Input data:
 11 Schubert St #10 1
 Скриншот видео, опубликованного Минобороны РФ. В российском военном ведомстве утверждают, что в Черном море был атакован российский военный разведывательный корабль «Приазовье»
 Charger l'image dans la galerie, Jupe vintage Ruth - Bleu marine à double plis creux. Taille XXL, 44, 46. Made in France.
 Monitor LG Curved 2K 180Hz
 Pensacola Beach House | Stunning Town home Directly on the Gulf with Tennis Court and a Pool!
...
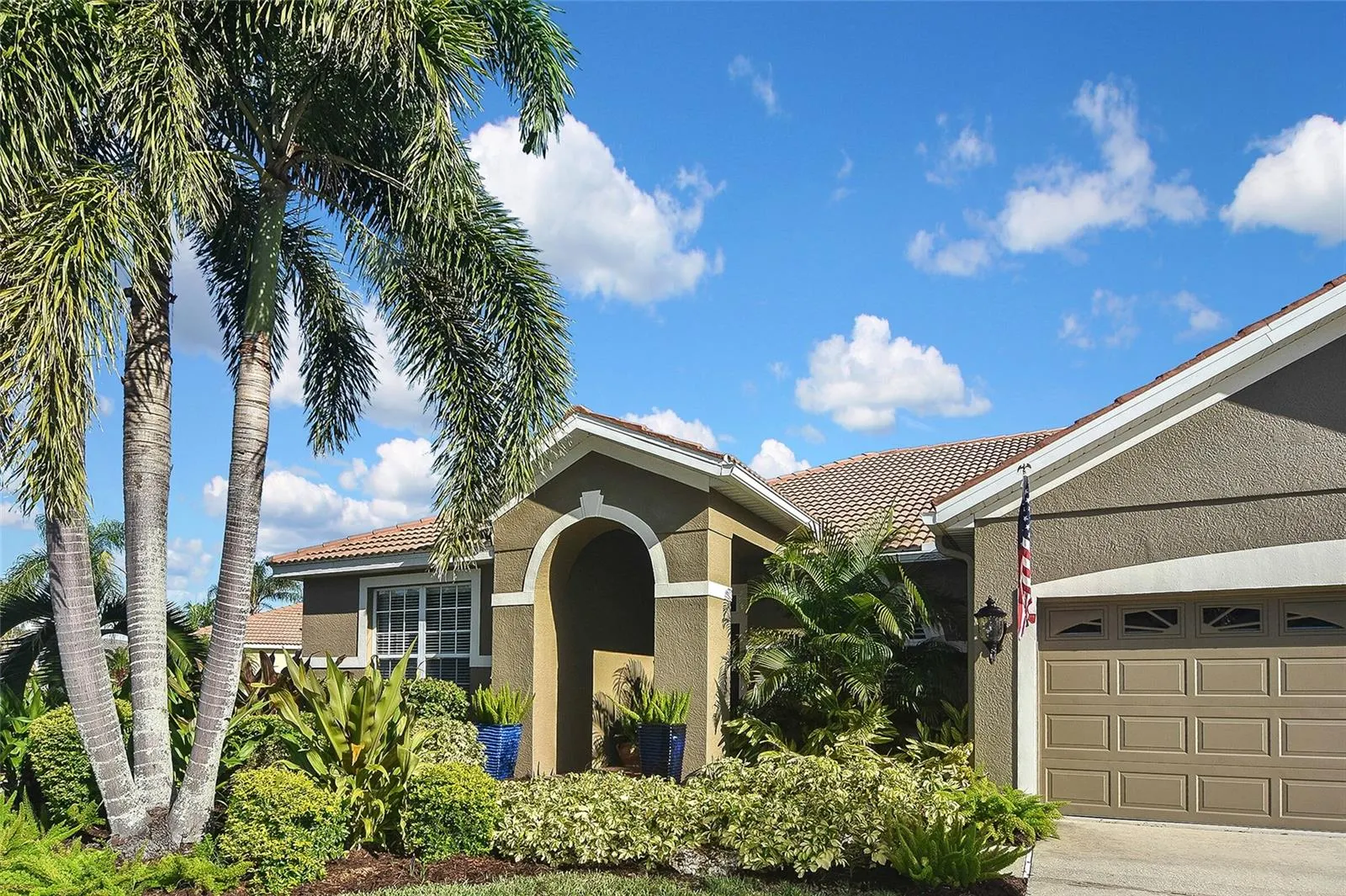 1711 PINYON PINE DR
...
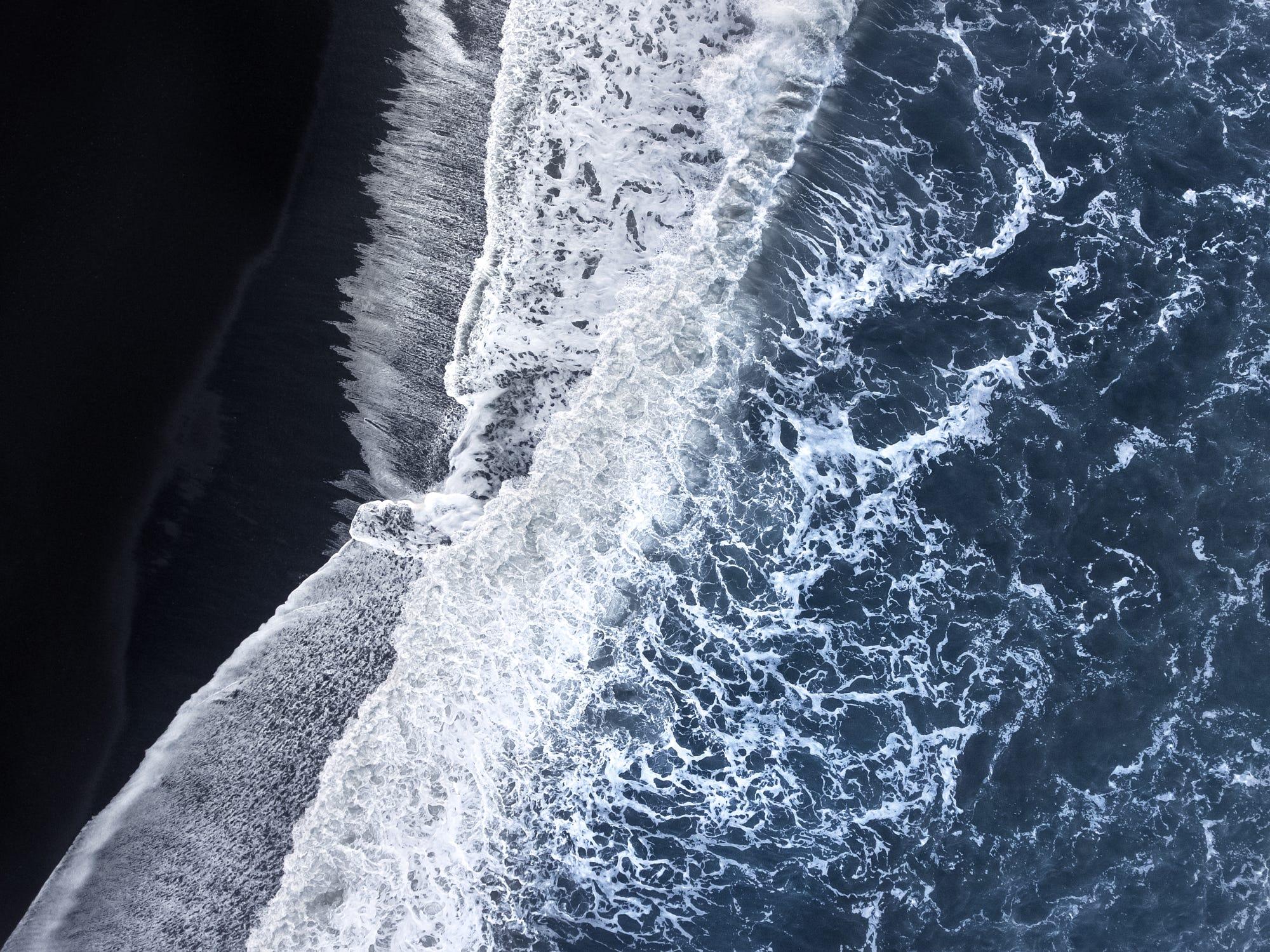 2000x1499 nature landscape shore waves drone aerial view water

Work task:
Look above for the line holding "11 Schubert St #10 1" and the line holding "Pensacola Beach House", then output exactly those two lines and every line between them, nothing more.

Answer section:
 11 Schubert St #10 1
 Скриншот видео, опубликованного Минобороны РФ. В российском военном ведомстве утверждают, что в Черном море был атакован российский военный разведывательный корабль «Приазовье»
 Charger l'image dans la galerie, Jupe vintage Ruth - Bleu marine à double plis creux. Taille XXL, 44, 46. Made in France.
 Monitor LG Curved 2K 180Hz
 Pensacola Beach House | Stunning Town home Directly on the Gulf with Tennis Court and a Pool!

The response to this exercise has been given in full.